Safe and Sound Banking: Past, Present, and Future

Date

Thursday, August 17, 2006 – Friday, August 18, 2006

Jointly sponsored by the Federal Reserve Banks of San Francisco and Atlanta and the founding editors of the Journal of Financial Services Research

Federal Reserve Bank of San Francisco

In 1986, a task force of five banking academics organized and sponsored by the American Bankers Association convened to examine the banking industry and the efficacy of its regulatory system. The group was charged with reviewing “the problems of ensuring the safety and soundness of the banking system and looking at a number of policy options to improve the efficiency, performance, and safety of the system by changing the structure of the deposit insurance system and the bank regulatory and supervisory process.”

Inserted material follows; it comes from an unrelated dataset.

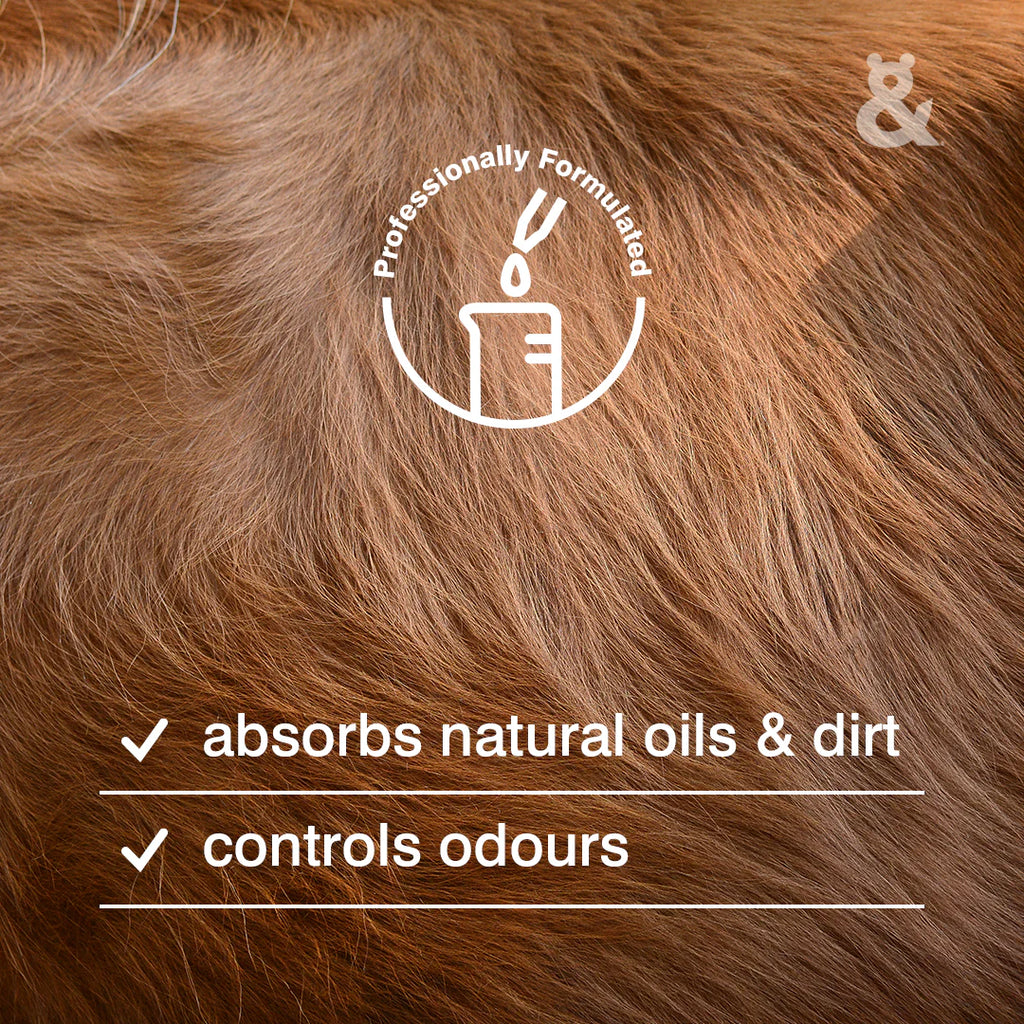 Rufus & Coco Water Free Wash 100ml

The report, published by the MIT Press as the book Perspectives on Safe and Sound Banking, focused almost entirely on depository institutions. At the end of the report, the task force presented a menu of principal options and recommendations. Topics covered included

  • Deposit insurance and lender of last resort—Many changes were suggested in structure, coverage, the handling of failing institutions, etc.
  • Market discipline—Increased reliance on the market was suggested to discipline institutions, managers, and stockholders for undue risk taking and to urge the adoption of subordinated debt requirements, use of current value measures of capital, and increased disclosure.
  • Examination and supervisory reforms—Suggestions included regulatory agency reform and the creation of competing insurance agencies.
  • Insurance agencies—Suggestions were made to monitor fund flows and rates and limit deposit insurance coverage.
  • Expanded powers—Changes were suggested in the criteria for approving new powers.
  • Additional concerns included international cross-border regulatory and supervisory issues, pricing of deposit insurance, treatment of foreign branches in the United States, and the importance of self-regulation.

The purpose of this conference is to evaluate how these recommendations have fared during the past twenty years: How many have been adopted in one form or another, how many have been rejected, and how many are still under consideration? The conference will also update the menu of recommendations to deal with the challenges confronting the banking system over the next twenty years.

Agenda

Agenda Download (PDF – 15KB)

Thursday, August 17  
9:00 a.m. Continental breakfast
9:45

Welcome and Opening Remarks
George Kaufman, Loyola University Chicago

10:00

What were the key themes and recommendations in Perspectives on Safe and Sound Banking?

Session Chair: Edward Kane, Boston College

“Safe & Sound Banking, 20 Years Later: What was proposed and what has been adopted” (PDF – 116KB)
Fred Furlong and Simon Kwan, Federal Reserve Bank of San Francisco

Discussants:
James Wilcox, University of California, Berkeley
Eric Rosengren, Federal Reserve Bank of Boston

Noon Lunch, Market Street Dining Room, Fourth Floor
2:30 p.m.

How has the banking system and the process of financial intermediation changed?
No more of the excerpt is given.